Houston Grand Opera at Fifty

Published in Art Houston, February 2006

On the heels of all the hoopla — where but Houston would a celebration of opera load in celebs as different as Sir Elton John and Sir Roger Moore? — comes a commemorative book no less extravagant. Celebrating the first half century of Houston Grand Opera, including formative decades under the recently departed David Gockley, this massive book from Herring Press might break as many coffee tables as it graces, but it's worth every penny of its $75 cover price — and, for opera lovers, every memory as well. Undeniably, the photos tell the tale best, since HGO in recent decades has been not only a visible but a visual opera company. Sets, costumes and choreography continually form striking images, captured here in full-page color photos. In addition, there's plenty of content between these covers — including essays on the company's first 25 years by Robert I. Ginsberg, on the second 25 years by Carl Cunningham (longtime performing arts critic for the Houston Post) and on HGO's ridiculous embarrassment of world premieres by national critic Alan Rich. Of course, with the recent decampment of David Gockley to San Francisco, there's something bittersweet between the lines. Yet... far more sweet than bitter.

 

High Notes

By Catherine D. Anspon, published in PaperCity, February 2006

Opera denizens take note: HGO's fabulous first 50 years are documented, detailed and celebrated in the lush, recently released Houston Grand opera at Fifty (Herring Press, $75).
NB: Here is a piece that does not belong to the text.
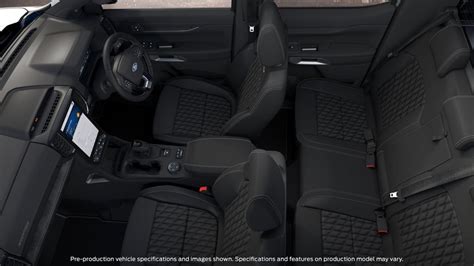 2023 Ford Ranger Platinum – seats – PerformanceDrive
This tome records the birth and transformation of HGO from its humble regional beginnings to today's internationally touted opera company. Soprano Beverly Sills pens the preface; the text provides an in-depth history spanning five decades. Its 296 pages include 275 photographic images, from world premieres during director David Lockley's 33-year reign (Nixon in China, Little Women, The Little Prince, The End of the Affair) through updated classics such as Tristan and Isolde (set design by David Hockney), The Magic Flute (set and costume design by Maurice Sendak) and Robert Wilson's Parsifal plus event-garde productions such as Philip Glass' Akhenaten, and performance highlights from legends Renée Fleming and Plácido Domingo. The volume concludes with the triumphant curtain call from the 2005 50th Anniversary Golden Jubilee Concert and Anthony Freud's appointment as HGO's third general director and first Ceo.